§ EXERCISE INSTRUCTIONS: Go through the entries below and say how many lines hold the word "Metallic". Nothing else is needed.

(GIVEN RECORDS)

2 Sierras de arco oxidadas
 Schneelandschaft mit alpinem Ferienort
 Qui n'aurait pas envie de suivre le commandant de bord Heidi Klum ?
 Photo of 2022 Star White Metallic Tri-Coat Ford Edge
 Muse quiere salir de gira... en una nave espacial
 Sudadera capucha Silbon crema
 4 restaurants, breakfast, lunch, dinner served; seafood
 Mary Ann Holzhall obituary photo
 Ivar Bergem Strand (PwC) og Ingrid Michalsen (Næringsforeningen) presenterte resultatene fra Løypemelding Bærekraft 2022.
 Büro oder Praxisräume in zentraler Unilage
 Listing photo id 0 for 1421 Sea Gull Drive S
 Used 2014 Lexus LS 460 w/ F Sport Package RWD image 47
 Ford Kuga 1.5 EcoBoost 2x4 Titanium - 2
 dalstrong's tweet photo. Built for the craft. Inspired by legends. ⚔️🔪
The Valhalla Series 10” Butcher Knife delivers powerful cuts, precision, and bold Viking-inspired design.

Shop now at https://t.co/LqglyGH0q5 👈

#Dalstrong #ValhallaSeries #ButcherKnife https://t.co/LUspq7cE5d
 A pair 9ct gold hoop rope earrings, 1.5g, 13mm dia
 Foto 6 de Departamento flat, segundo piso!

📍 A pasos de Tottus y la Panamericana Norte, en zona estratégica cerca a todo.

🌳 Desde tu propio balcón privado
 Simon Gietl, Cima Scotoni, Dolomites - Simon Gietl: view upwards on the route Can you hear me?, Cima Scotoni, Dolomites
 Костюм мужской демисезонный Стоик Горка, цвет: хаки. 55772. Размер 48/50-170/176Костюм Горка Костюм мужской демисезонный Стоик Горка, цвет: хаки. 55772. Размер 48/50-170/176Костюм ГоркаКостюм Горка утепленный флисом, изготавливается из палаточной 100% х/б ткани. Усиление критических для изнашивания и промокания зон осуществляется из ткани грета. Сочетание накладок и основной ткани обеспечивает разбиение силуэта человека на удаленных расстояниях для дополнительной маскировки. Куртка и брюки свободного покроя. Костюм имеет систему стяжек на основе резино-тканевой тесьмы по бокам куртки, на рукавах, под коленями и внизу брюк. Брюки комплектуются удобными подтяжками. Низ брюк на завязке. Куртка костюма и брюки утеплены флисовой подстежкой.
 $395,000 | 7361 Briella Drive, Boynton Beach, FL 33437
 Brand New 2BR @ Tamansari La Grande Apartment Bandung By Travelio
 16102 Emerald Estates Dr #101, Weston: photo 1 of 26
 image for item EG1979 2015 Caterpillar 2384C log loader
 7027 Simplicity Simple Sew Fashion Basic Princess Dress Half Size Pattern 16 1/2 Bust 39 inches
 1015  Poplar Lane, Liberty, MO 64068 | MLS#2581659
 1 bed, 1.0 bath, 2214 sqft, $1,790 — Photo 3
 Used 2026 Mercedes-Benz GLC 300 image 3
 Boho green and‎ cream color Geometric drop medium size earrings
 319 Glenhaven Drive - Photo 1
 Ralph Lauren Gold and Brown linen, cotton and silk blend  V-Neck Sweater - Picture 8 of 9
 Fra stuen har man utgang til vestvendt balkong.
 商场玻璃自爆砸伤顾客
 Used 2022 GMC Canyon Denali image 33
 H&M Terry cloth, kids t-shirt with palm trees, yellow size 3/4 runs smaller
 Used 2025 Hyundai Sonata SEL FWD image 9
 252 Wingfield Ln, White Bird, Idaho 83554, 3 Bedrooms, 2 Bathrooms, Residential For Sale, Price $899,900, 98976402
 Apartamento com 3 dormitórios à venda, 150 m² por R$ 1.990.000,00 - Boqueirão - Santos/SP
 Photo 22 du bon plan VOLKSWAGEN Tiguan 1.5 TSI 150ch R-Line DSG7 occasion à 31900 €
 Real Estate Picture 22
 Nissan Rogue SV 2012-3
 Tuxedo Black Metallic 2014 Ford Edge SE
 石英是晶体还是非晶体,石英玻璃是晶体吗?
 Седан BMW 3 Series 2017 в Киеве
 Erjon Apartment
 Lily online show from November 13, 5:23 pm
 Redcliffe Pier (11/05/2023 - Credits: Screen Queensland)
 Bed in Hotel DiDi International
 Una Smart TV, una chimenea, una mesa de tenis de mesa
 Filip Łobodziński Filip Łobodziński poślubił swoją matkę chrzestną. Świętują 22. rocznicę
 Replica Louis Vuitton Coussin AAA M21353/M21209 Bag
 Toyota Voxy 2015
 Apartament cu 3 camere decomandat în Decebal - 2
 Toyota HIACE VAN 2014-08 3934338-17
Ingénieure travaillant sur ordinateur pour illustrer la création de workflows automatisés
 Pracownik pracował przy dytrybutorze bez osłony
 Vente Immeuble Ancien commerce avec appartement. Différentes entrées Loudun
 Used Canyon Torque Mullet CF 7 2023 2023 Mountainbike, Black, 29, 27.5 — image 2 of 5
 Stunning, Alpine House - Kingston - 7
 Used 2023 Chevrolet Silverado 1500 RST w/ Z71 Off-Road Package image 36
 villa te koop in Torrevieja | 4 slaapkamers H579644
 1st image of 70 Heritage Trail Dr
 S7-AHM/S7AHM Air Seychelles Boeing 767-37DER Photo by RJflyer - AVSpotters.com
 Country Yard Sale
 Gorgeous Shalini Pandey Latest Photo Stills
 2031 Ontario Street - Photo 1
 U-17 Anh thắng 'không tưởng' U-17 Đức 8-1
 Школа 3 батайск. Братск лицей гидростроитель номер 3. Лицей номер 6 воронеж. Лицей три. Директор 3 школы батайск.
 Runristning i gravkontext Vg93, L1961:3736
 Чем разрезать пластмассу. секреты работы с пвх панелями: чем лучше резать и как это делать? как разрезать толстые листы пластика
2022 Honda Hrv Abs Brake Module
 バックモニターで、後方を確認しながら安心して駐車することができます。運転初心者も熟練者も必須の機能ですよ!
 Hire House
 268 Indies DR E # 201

(End GIVEN RECORDS)

§ ANSWER SPACE: 2